San Diego-based Optimer Pharmaceuticals is new to this idea of being a commercial enterprise, but it did OK in its first quarter with an actual product to sell.
Optimer (NASDAQ: OPTR) said today it generated $10.6 million in net sales of fidaxomicin (Dificid) in the quarter that ended on Sept. 30. The drug, a treatment for dangerous “C.difficile” infections that people get in hospitals, was cleared for sale by the FDA on May 27, but Optimer didn’t actually begin selling the product until July 19. Through the end of September, Optimer said 535 hospitals ordered the product, and its sales reflect 4,335 treatments.
The company spent about $27 million on sales, general and administrative expenses during this product launch period, way above the $4.8 million in SG&A spending it recorded a year earlier, when it was still strictly an R&D operation. Optimer reported a net loss of $26.8 million in the quarter, or about 57 cents a share, which was about 6 cents more than analysts were expecting, according to briefing.com. Shares of Optimer fell 11 percent in after-hours trading.
But the trajectory of demand for the new antibiotic does look encouraging, and the early sales spike can’t be explained entirely by wholesalers stocking up inventory, which they commonly do for new products. Wholesalers shipped 884 treatments to pharmacies and long-term care facilities in August, and 1,400 treatments in September, Optimer said.

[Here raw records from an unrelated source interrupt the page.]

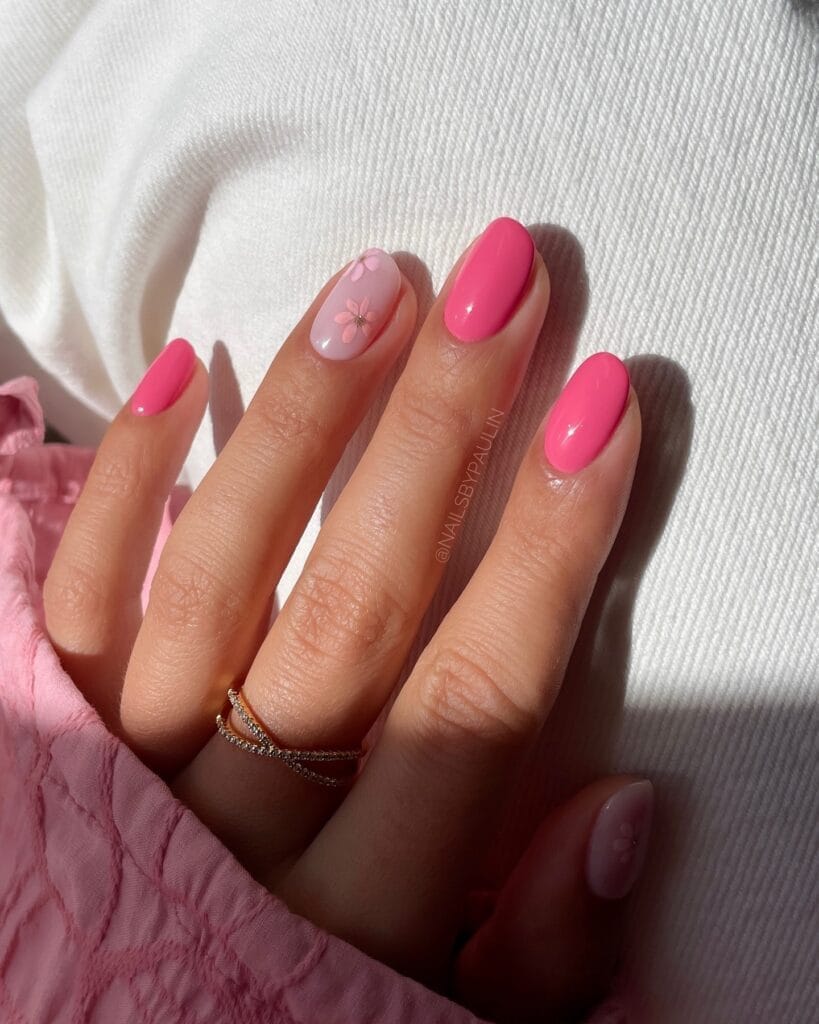 classy spring nails, short oval hot pink glossy nails with sheer nude flower accent nails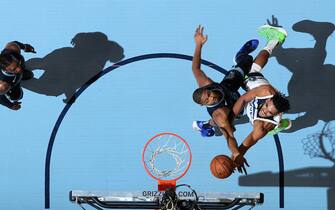 MEMPHIS, TN - NOVEMBER 6: Karl-Anthony Towns #32 of the Minnesota Timberwolves drives to the basket against the Memphis Grizzlies on November 6, 2019 at FedExForum in Memphis, Tennessee. NOTE TO USER: User expressly acknowledges and agrees that, by downloading and or using this photograph, User is consenting to the terms and conditions of the Getty Images License Agreement. Mandatory Copyright Notice: Copyright 2019 NBAE (Photo by Joe Murphy/NBAE via Getty Images)
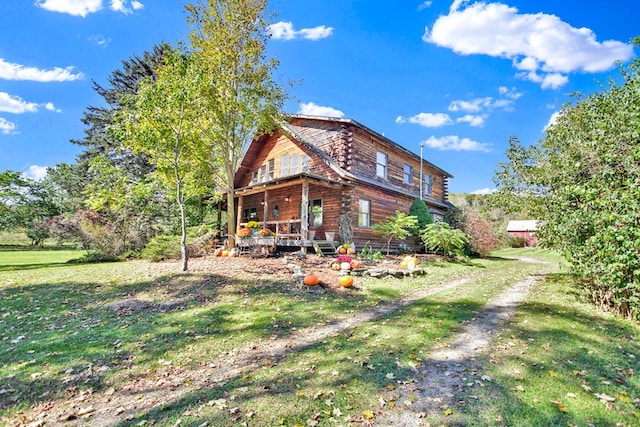 20 Mill Creek Rd, Mansfield, PA 16933 - rear view of house with log siding, a wooden deck, and a lawn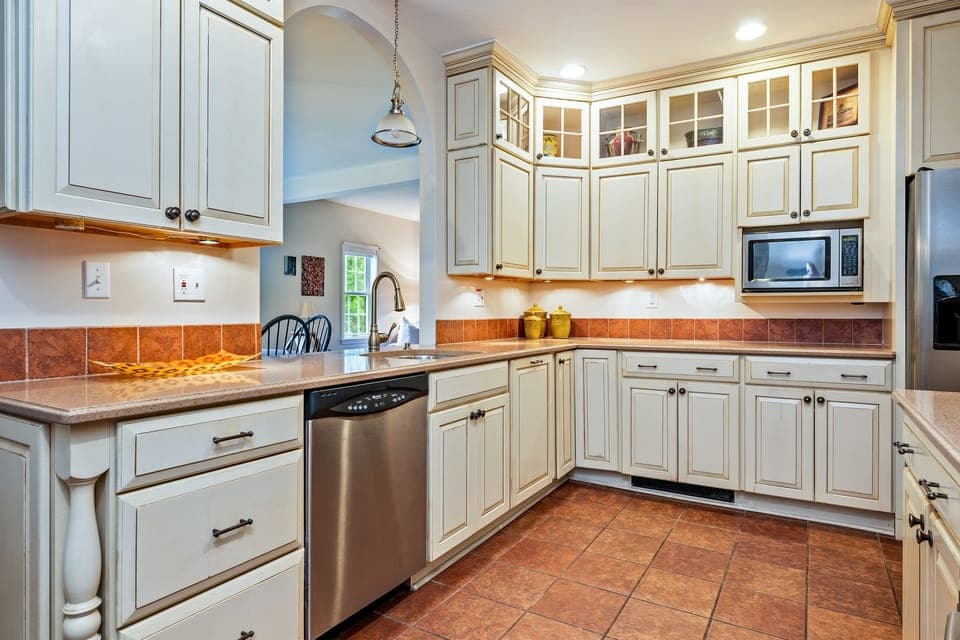 Elegant chef’s kitchen featuring custom cabinetry, granite counters, and stainless-steel appliances—perfect for cooking and gathering.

Optimer showed in clinical trials that its treatment cures patients about 90 percent of the time, offering a slight advantage over standard vancomycin. The trials, which followed patients for 30 days, showed that about half as many patients on the Optimer drug had a recurrence, when compared with those who got vancomycin.
Optimer has told analysts that it expects to turn profitable after about three years on the market, according to a Sept. 19 report by analyst Eun Yang of Jefferies & Co. Yang forecasted prior to the FDA approval that Optimer could reach $158 million in sales in 2015.